Highly Available Networking
High availability (HA) means different things to different people. This article defines availability as the percentage of time that a computer system is capable of providing the service that it is assigned to do. A good figure of availability for computer systems that are used for business critical tasks, such as running a telephone switch or enterprise data communication network, is 99.999% of the time (five nines). This translates to less than six minutes per year that the service is not available.
CompactPCI traditionally has been the platform of choice for these five nines systems, because hot swap of components in to and out of a running system is usually also a requirement.
In a highly available network there should be multiple independent paths to each system in the network to avoid single points of failure (SPOF). Physical separation is also a good idea because if both paths are in the same conduit, and the conduit gets cut by accident, the network will go down.
Key to availability is the ability to detect failure quickly and transparently switch from one LAN connection to another. Putting the burden of handling redundancy in the networking driver allows for easier HA hardening of networked applications, as it relieves the application of having to be aware of network topology.
The Linux bonding driver has the ability to detect link failure and reroute network traffic around a failed link in a manner transparent to the application. It also has the ability (with certain network switches) to aggregate network traffic in all working links to achieve higher throughput. This is sometimes referred to as trunking.
The bonding driver accomplishes this by enslaving all of the Ethernet ports in the bond to the same Ethernet MAC address, which ensures the proper routing of packets across the links. With a hub arrangement, there should not be more than one link with the same MAC address active at any one time, so the bonding driver can be set up to have only one channel active at a time. This is called active-backup mode, and it will route all traffic through one channel until it detects a failure, at which point it switches to the next backup channel.
With a switch instead of a hub, it is possible to send traffic over all live links at the same time, effectively aggregating the bandwidth of the available links. This is called the round-robin mode. Round-robin mode provides availability as well as aggregation, but not all switches are capable of supporting aggregation. The bonding documentation (see Resources) contains a list of some switches that do support aggregation. The round-robin mode sends packets over all working links, with each successive packet being sent over the next link in the bonding rotation, effectively aggregating the bandwidth of all usable links.

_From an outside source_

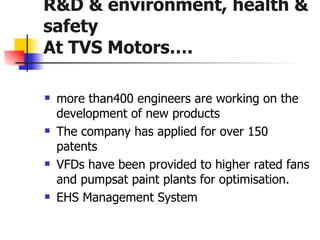R&D & environment, health & safety At TVS Motors…. <ul><li>more than400 engineers are working on the development of new pr...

The program that creates the bond is the ifenslave program. It is similar in function to the ifconfig program that configures nonbonded Ethernet interfaces, except that it configures all members of the bond to the same network configuration (IP, MAC, broadcast addresses, etc.). To configure the bonding driver, use ifconfig to configure the bond0 device, and use ifenslave to configure the members of the bond (the slaves).
Many recent distributions, including the Hard Hat Linux HA Framework 2.0 release, come with bonding and ifenslave already in the distribution. Bonding is available as a patch that contains the bonding driver and the ifenslave program, as well as some other modifications necessary to make the whole package work properly. The driver can be compiled in or run as a module.
Listing 1 shows a typical configuration scenario. The first line installs the bonding driver as a module in active-backup mode with a link-status check period of 100ms. Round-robin mode would use a mode parameter of 0. The first ifconfig sets the IP address for the bonding driver. The next two ifenslave commands enslave eth0 and eth1 to the bond0 device. The bond0 device takes the MAC address of the first slave configured in the bond, and this becomes the MAC address for all devices in the bond.
The networking stack talks to the bond0 device, which sends packets out over whichever slave device is appropriate, given the mode and availability status. In Listing 1, the mode is active-backup, and the active Ethernet device is eth0. Inactive Ethernet slaves have NOARP in the status line.
When a component fails, it is not enough to detect and mask the failure. The failing component must be repaired so that the next failure does not cause loss of service. For an Ethernet cable or hub or switch, it is usually a simple matter of replacing it with a working one. For an Ethernet board in a running computer, it is not always so simple.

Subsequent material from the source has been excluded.